Requirement: Without the images, print all the entries below exactly as given.

[Web page caption snippets]

____

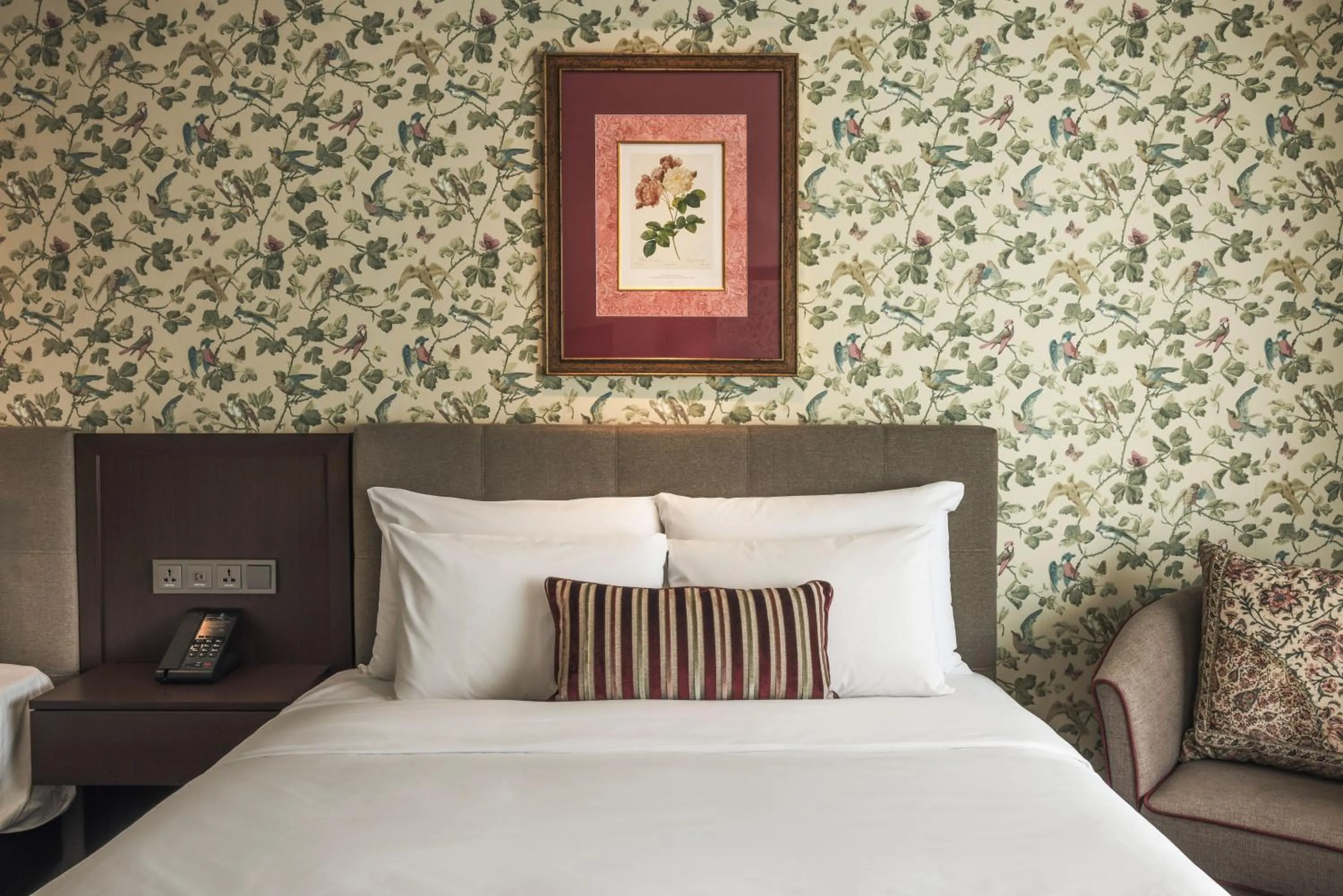 Bed in KensingtonHotel Seorak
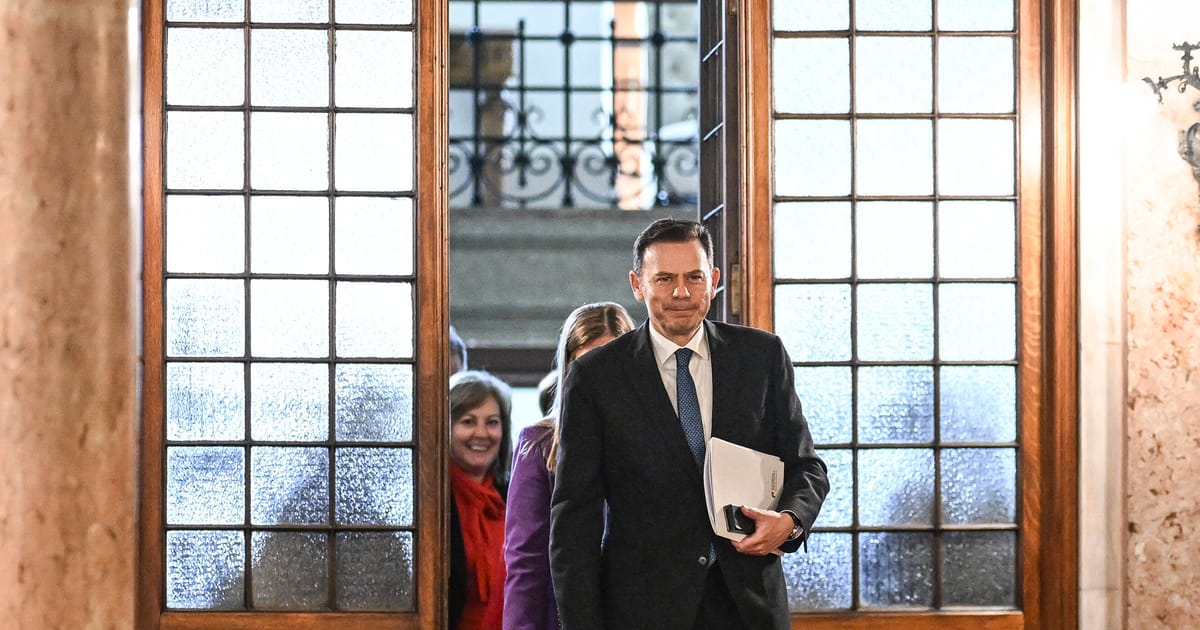 Portugália a SNAP választásokra, mivel a kormány elveszíti a bizalom szavazását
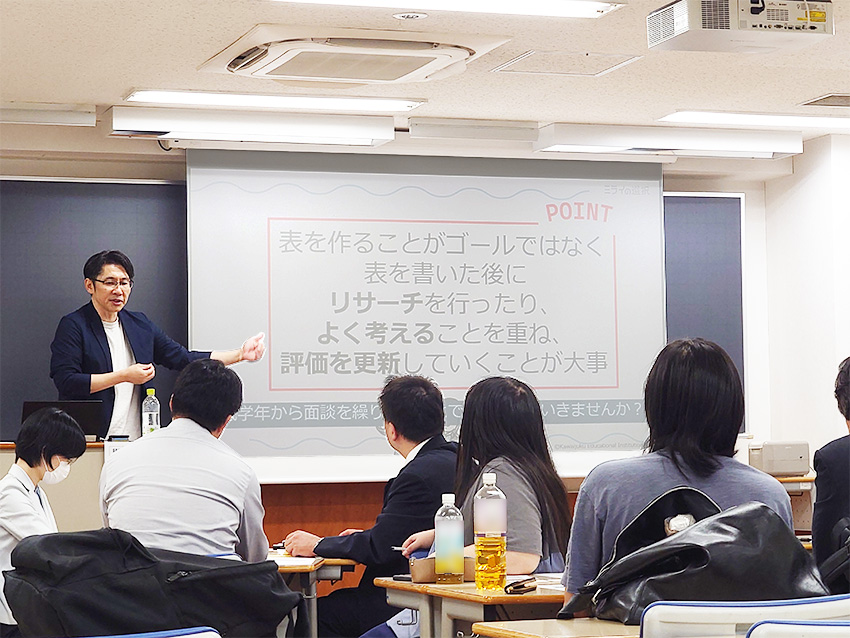 ワークの様子_登壇する講師・山口氏
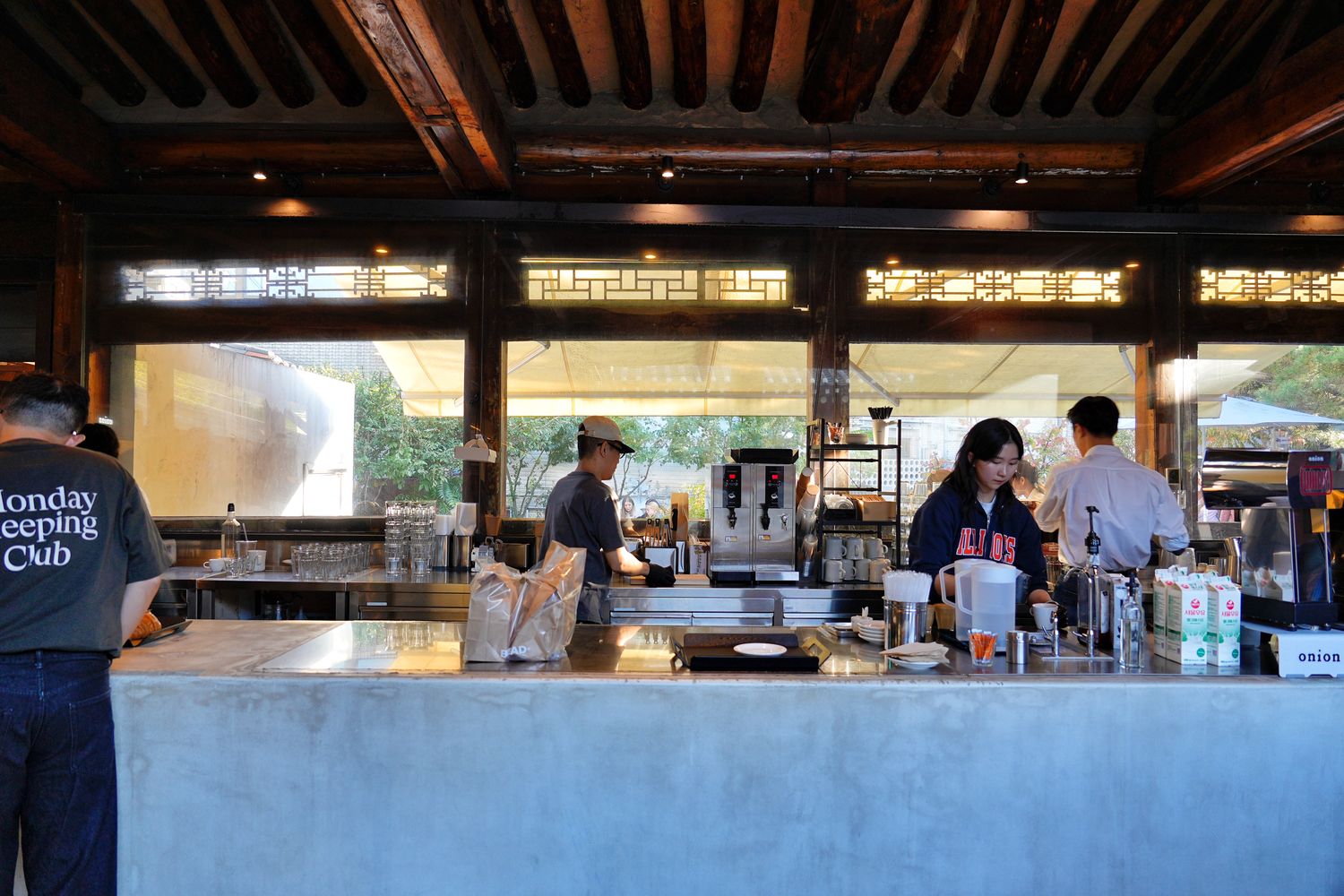 Cafe Onion Anguk|首爾安國站美食，IG打卡韓屋咖啡廳! @混血珊莎的奇幻旅程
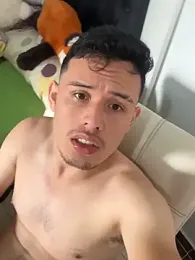 Keylerth_ webcam model stream image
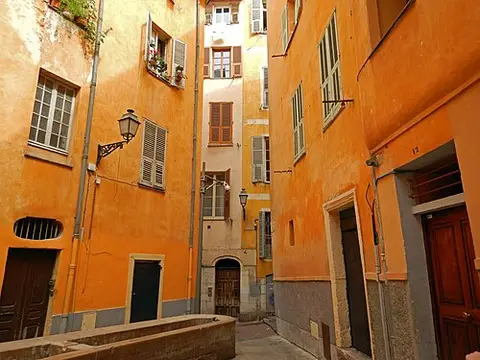 Rue des Voûtes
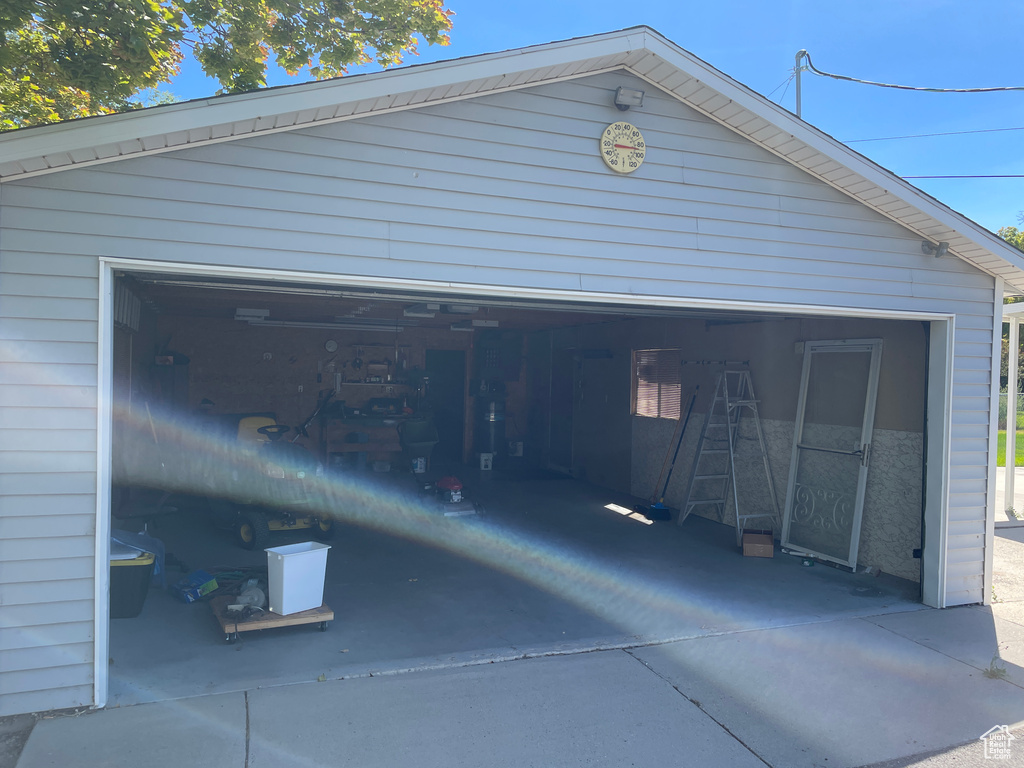 97 W CLARK ST Grantsville, UT 84029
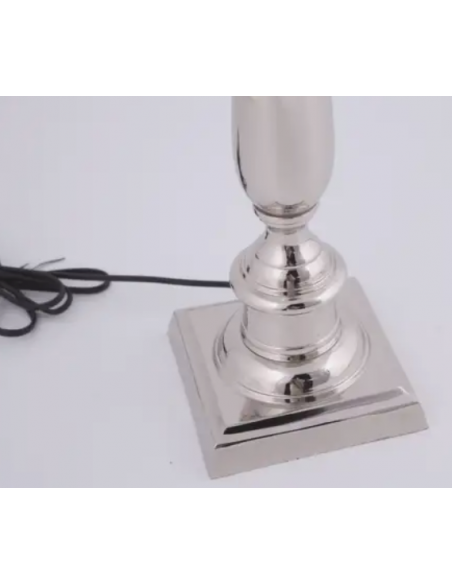 Flamant bordlampe stål krom sølv moderne design soveværelse seng sengelampe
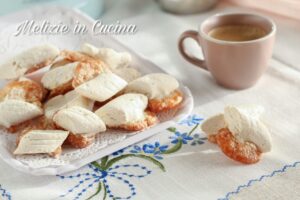 Biscotti ossa di morto catanesi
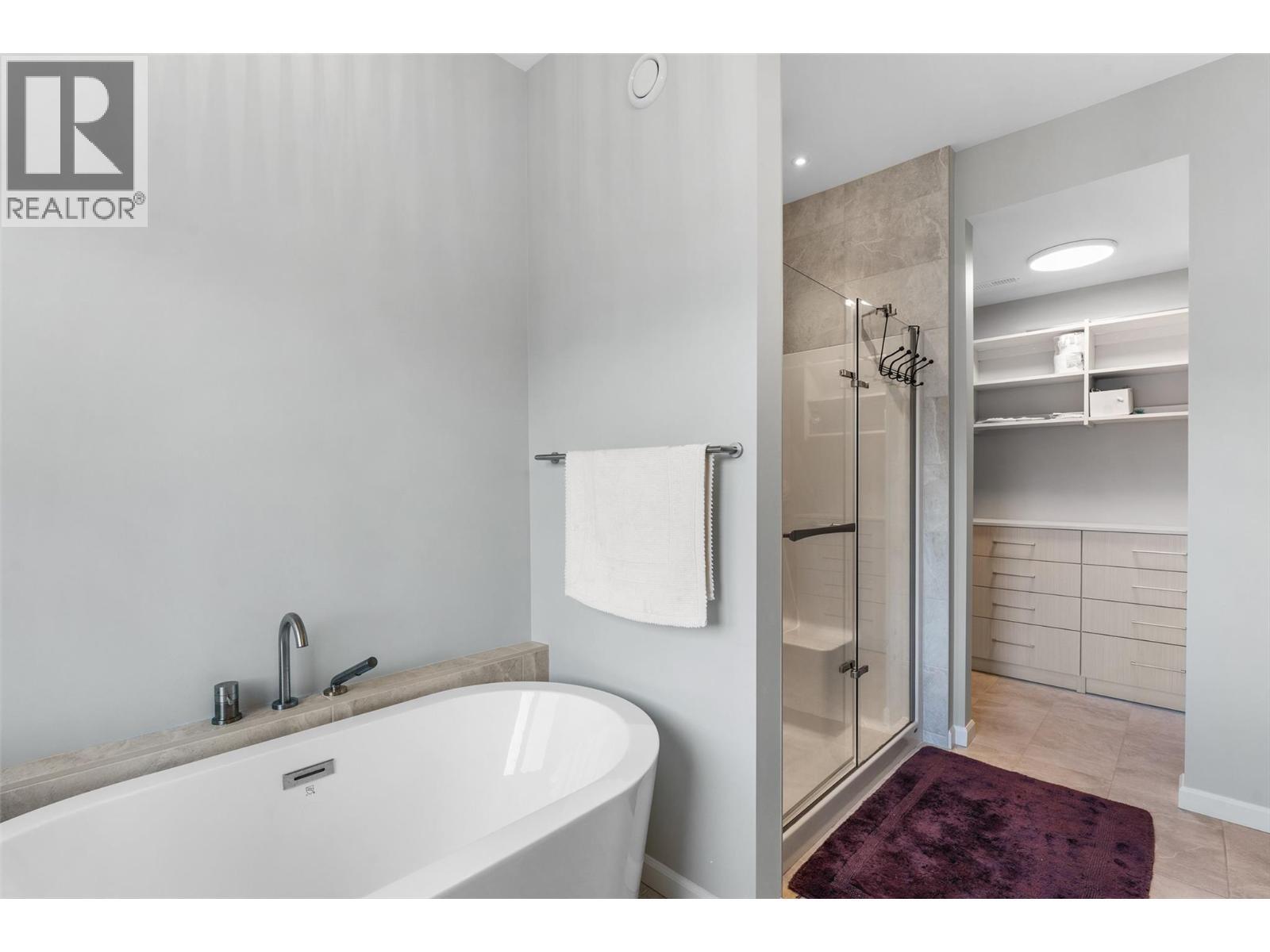 604 Clifton Road N, Kelowna, BC - Indoor Photo Showing Bathroom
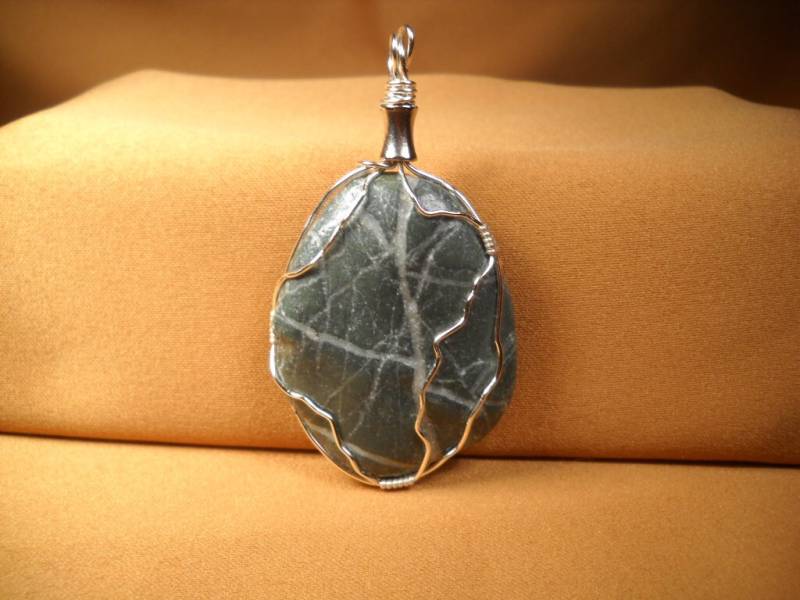 Drahtgewickelter Stein Aus Der Grand Canyon Region, Natürlicher Granitdraht Gewickelter Anhänger, Silber Wickelanhänger Halskette Charm, Freundin Drahtgewickelter Stein Aus Der Grand Canyon Region, Natürlicher Granitdraht Gewickelter Anhänger, Silber Wickelanhänger Halskette Charm, Freundin von ChristophCreations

____

Exercise output:
 Bed in KensingtonHotel Seorak
 Portugália a SNAP választásokra, mivel a kormány elveszíti a bizalom szavazását
 ワークの様子_登壇する講師・山口氏
 Cafe Onion Anguk|首爾安國站美食，IG打卡韓屋咖啡廳! @混血珊莎的奇幻旅程
 Keylerth_ webcam model stream image
 Rue des Voûtes
 97 W CLARK ST Grantsville, UT 84029
 Flamant bordlampe stål krom sølv moderne design soveværelse seng sengelampe
 Biscotti ossa di morto catanesi
 604 Clifton Road N, Kelowna, BC - Indoor Photo Showing Bathroom
 Drahtgewickelter Stein Aus Der Grand Canyon Region, Natürlicher Granitdraht Gewickelter Anhänger, Silber Wickelanhänger Halskette Charm, Freundin Drahtgewickelter Stein Aus Der Grand Canyon Region, Natürlicher Granitdraht Gewickelter Anhänger, Silber Wickelanhänger Halskette Charm, Freundin von ChristophCreations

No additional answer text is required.